Problem statement: Repeat the data word for word and skip the pictures.

○ ○ ○ ○ ○ ○ ○

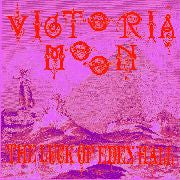 The Luck Of Eden Hall - Victoria Moon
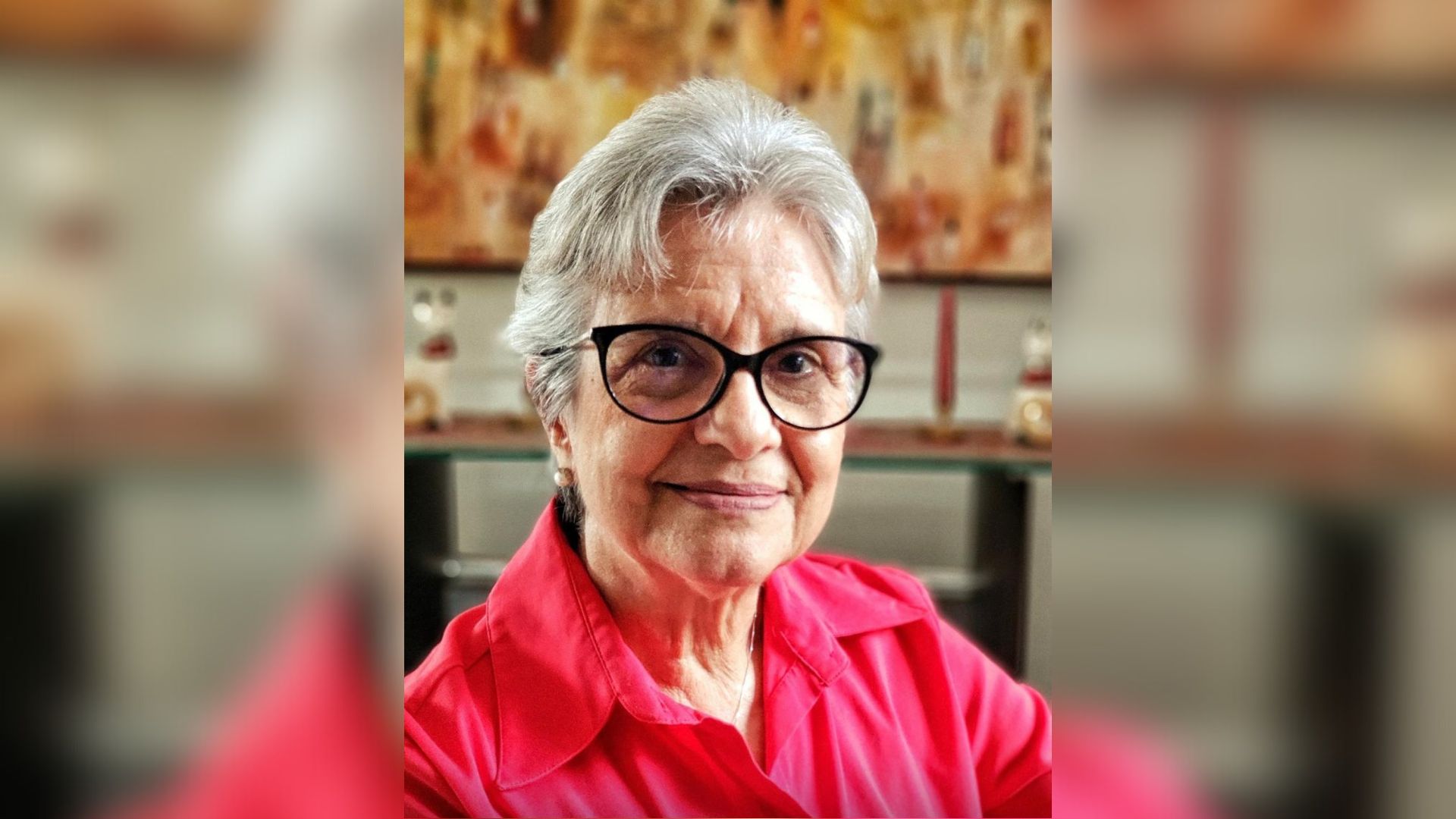 Primeira mulher a ocupar o cargo, professora aposentada da UFPB é eleita presidente da Academia Brasileira de Música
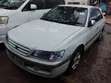Toyota Corona Premio 2001 White - 5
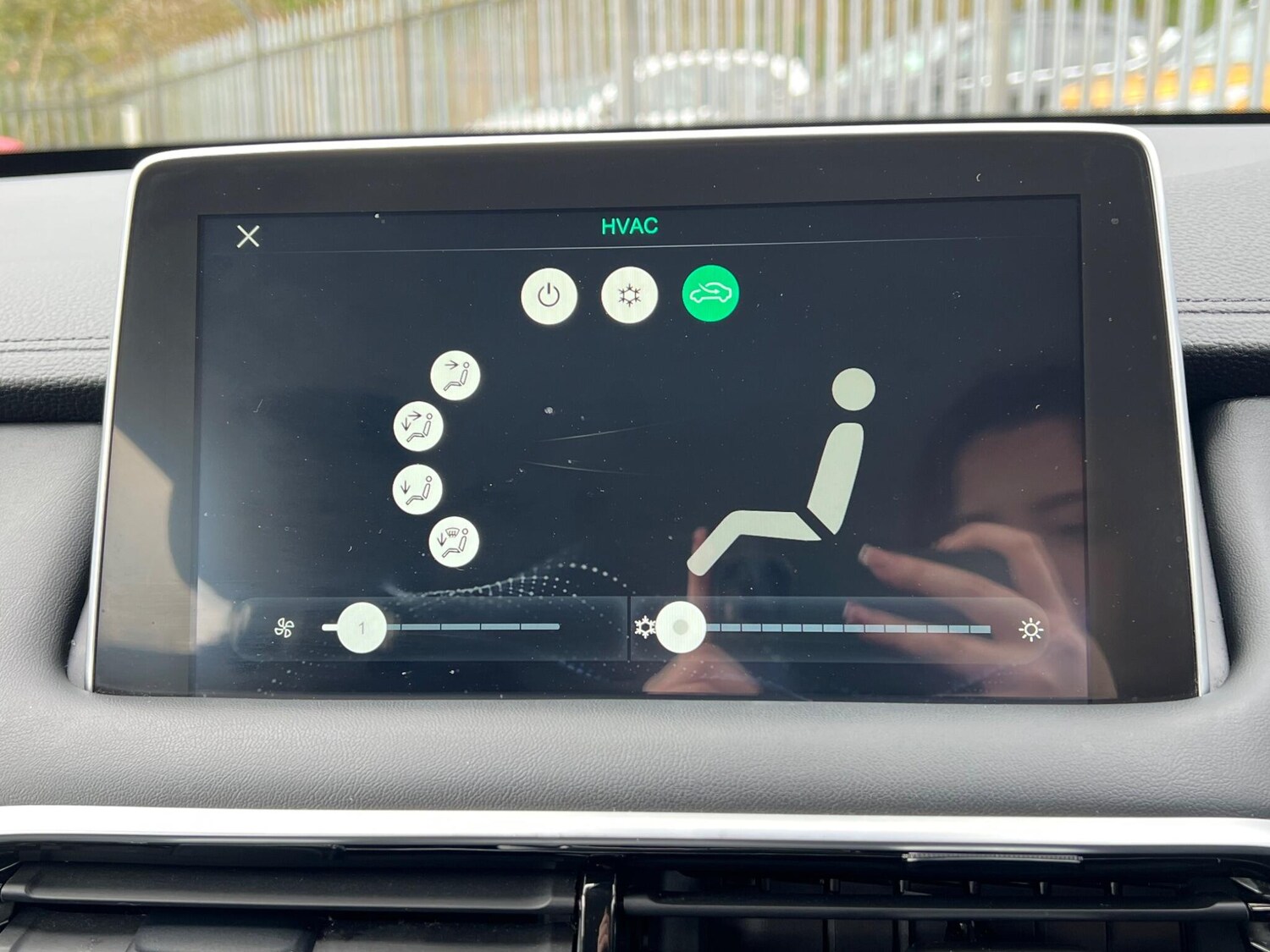 Used MG MG HS 2023 for sale - 77574776: Photo 30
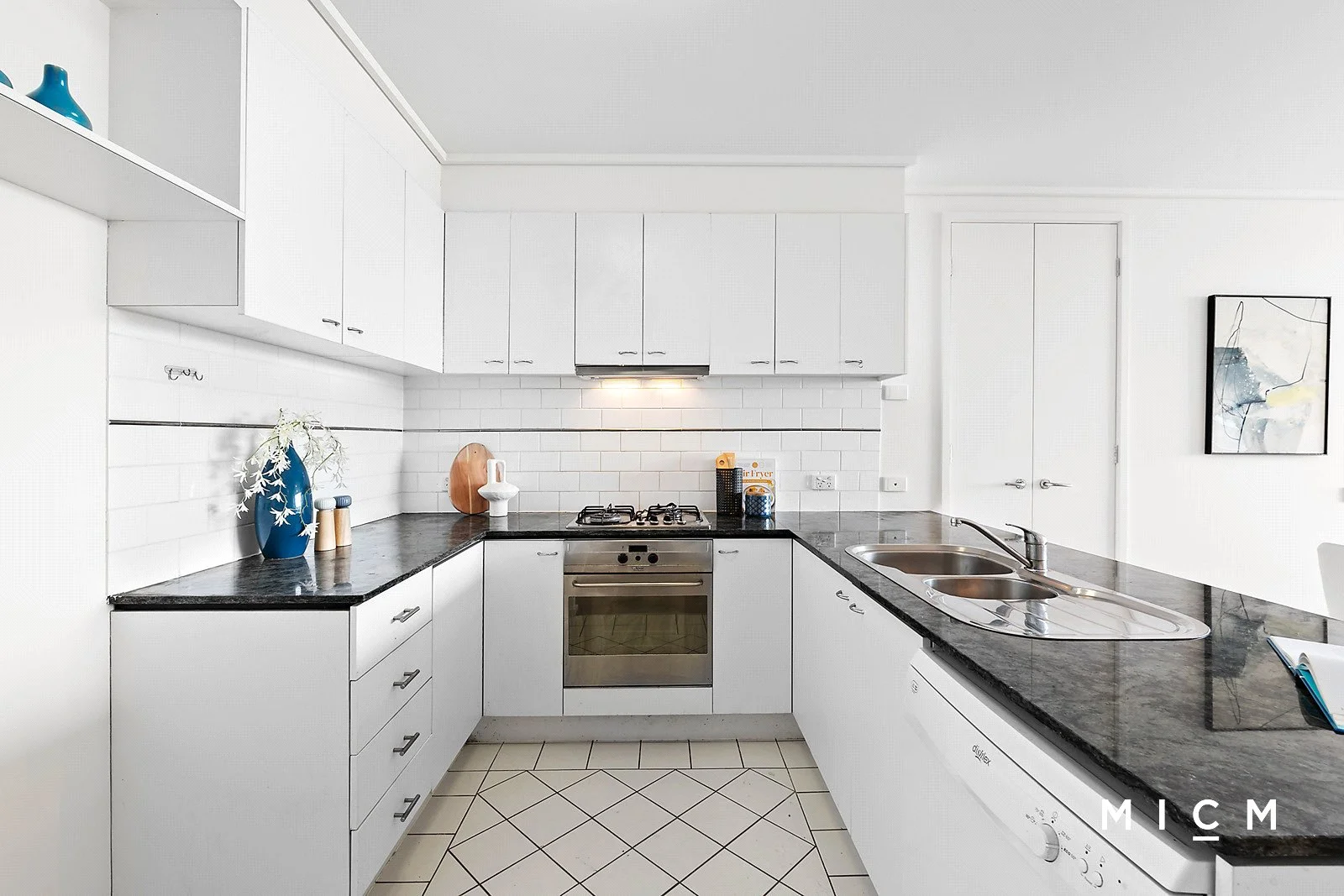 Additional image 3 of 165/99 Whiteman Street, Southbank VIC 3006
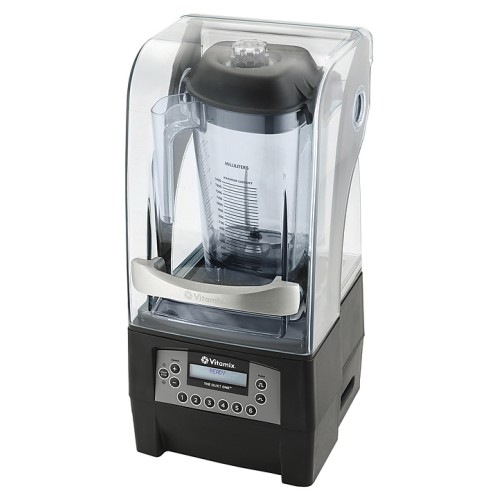 Блендер Vitamix The Quiet One (VM58674) тритан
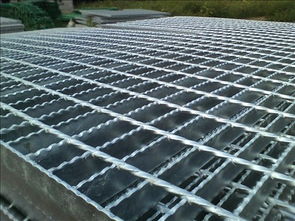 安平县国润金属制品厂 专业钢格板报价与品牌优势详解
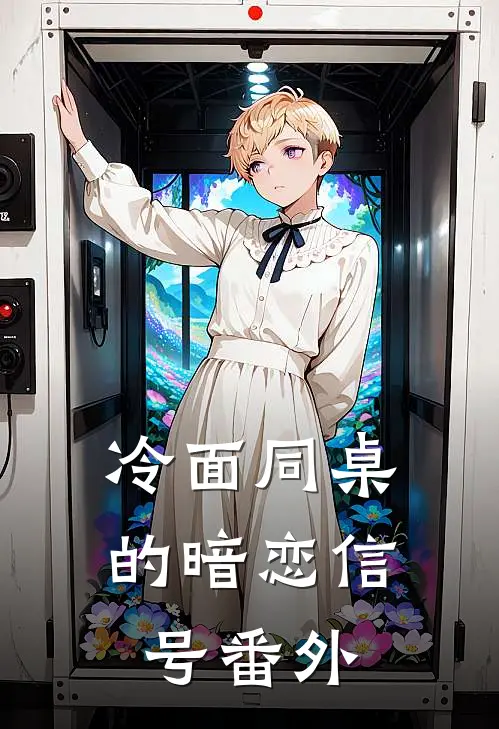 冷面同桌的暗恋信号番外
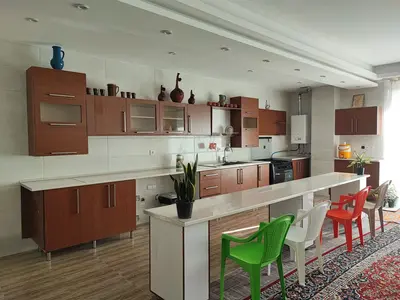 آپارتمان دوخوابه گلستان 21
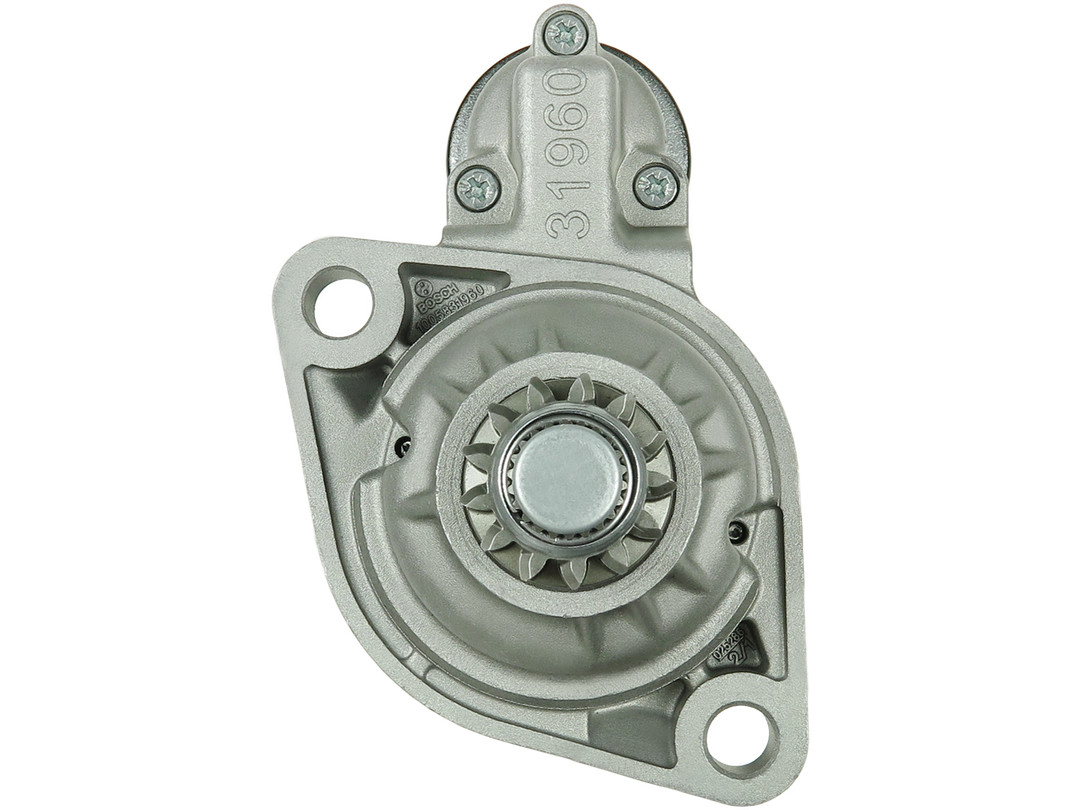 Starter - S0458PR AS-PL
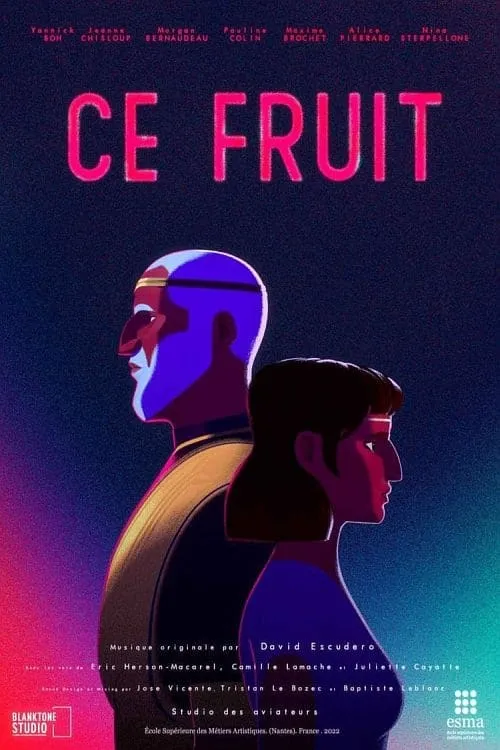 Ce Fruit (movie)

○ ○ ○ ○ ○ ○ ○

Worked solution:
 The Luck Of Eden Hall - Victoria Moon
 Primeira mulher a ocupar o cargo, professora aposentada da UFPB é eleita presidente da Academia Brasileira de Música
Toyota Corona Premio 2001 White - 5
 Used MG MG HS 2023 for sale - 77574776: Photo 30
 Additional image 3 of 165/99 Whiteman Street, Southbank VIC 3006
 Блендер Vitamix The Quiet One (VM58674) тритан
 安平县国润金属制品厂 专业钢格板报价与品牌优势详解
 冷面同桌的暗恋信号番外
 آپارتمان دوخوابه گلستان 21
 Starter - S0458PR AS-PL
 Ce Fruit (movie)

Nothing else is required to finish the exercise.